## [Your assignment]
The result should be the listing below, restated exactly, with its pictures left out.

## [Dataset section]
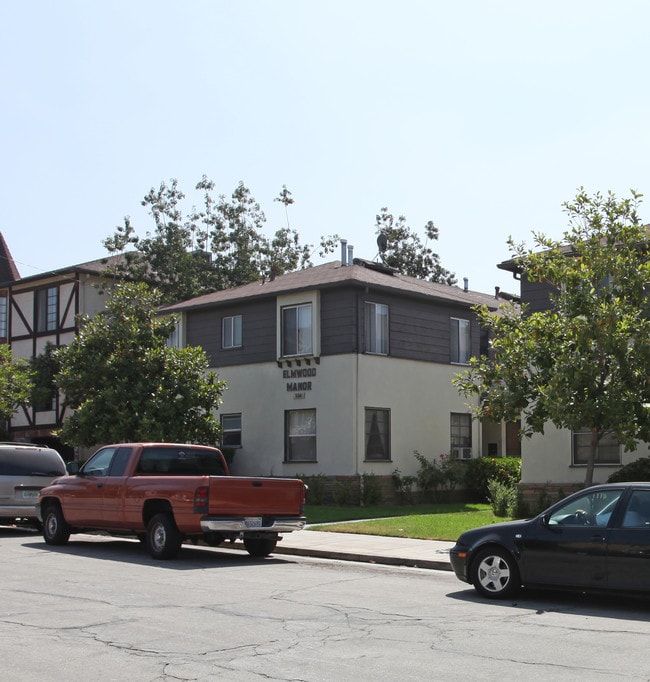 224 E Elmwood Ave in Burbank, CA - Building Photo - Building Photo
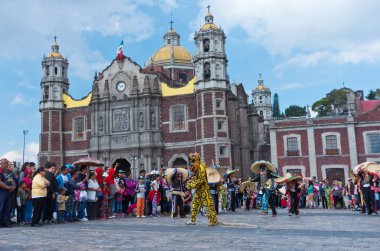 Mexico City, Mexico - 10 Aralık 2016: Guadalupe Bakire Festivali, Guadalupe Hanımefendisi Bazilikası 'nın meydanında onun onuruna bir ayin düzenlendi.
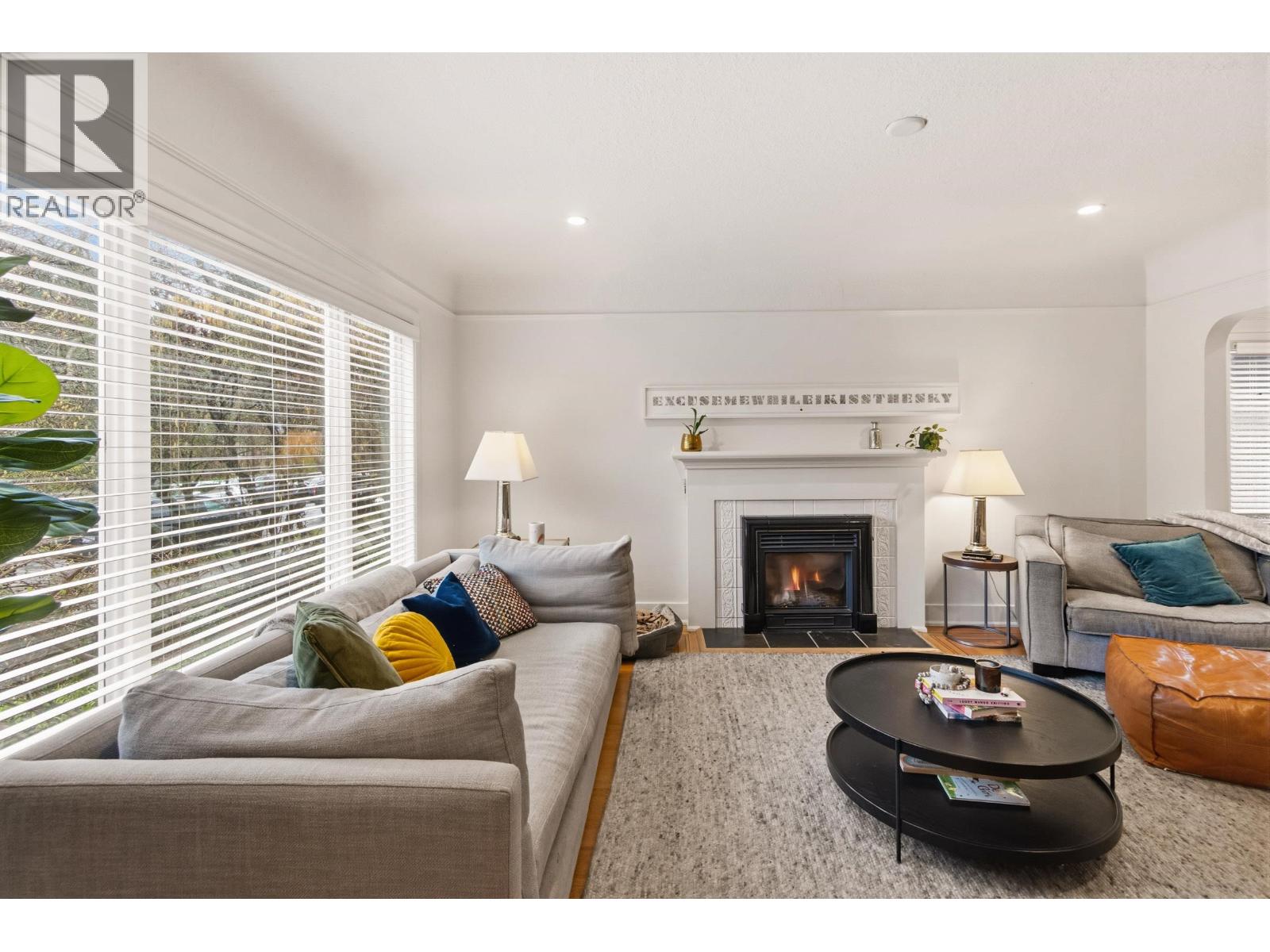 2960 W 33RD AVENUE, Vancouver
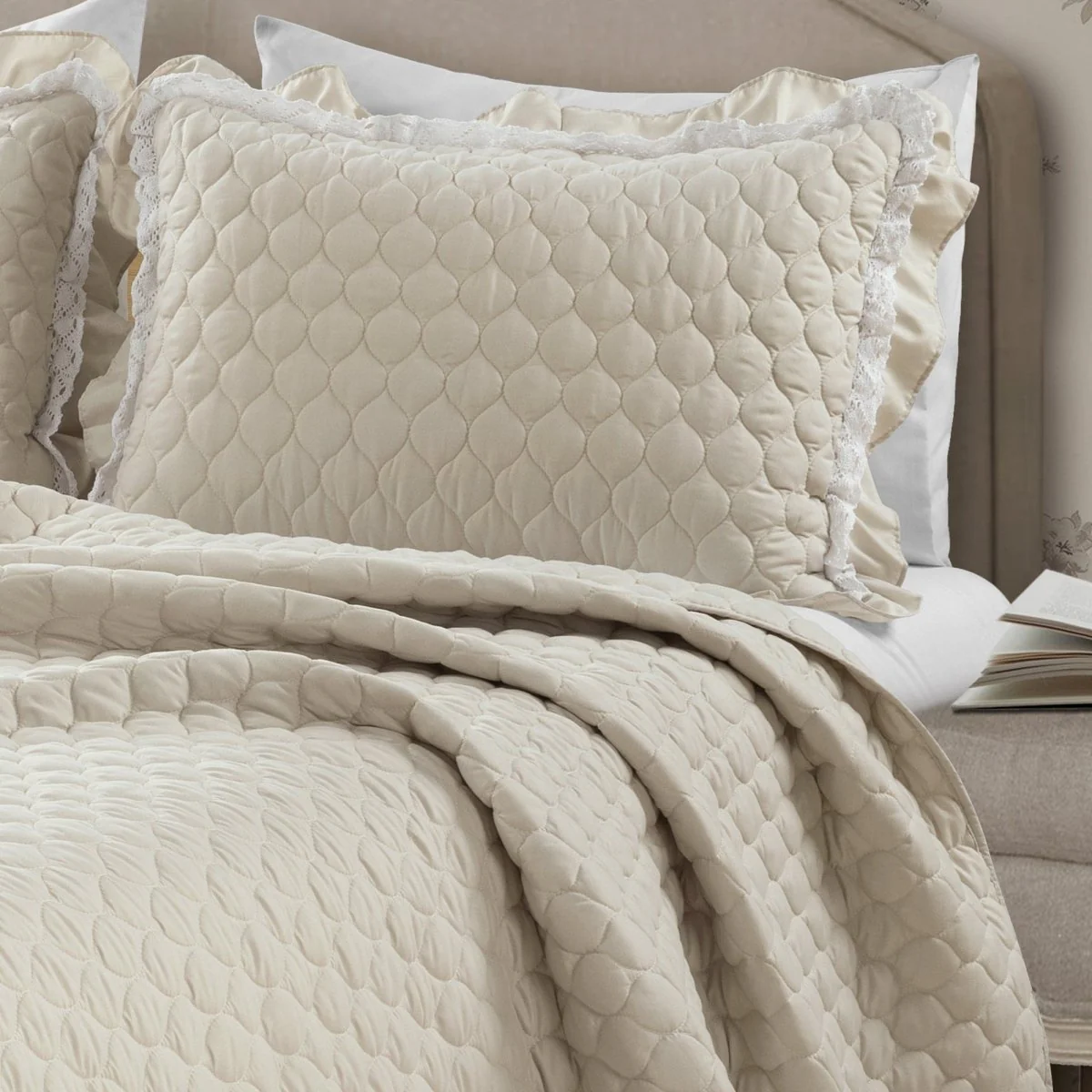 Ella Ruffle Lace 3 Piece Quilt Set - Image 7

## [Response]
 224 E Elmwood Ave in Burbank, CA - Building Photo - Building Photo
 Mexico City, Mexico - 10 Aralık 2016: Guadalupe Bakire Festivali, Guadalupe Hanımefendisi Bazilikası 'nın meydanında onun onuruna bir ayin düzenlendi.
 2960 W 33RD AVENUE, Vancouver
 Ella Ruffle Lace 3 Piece Quilt Set - Image 7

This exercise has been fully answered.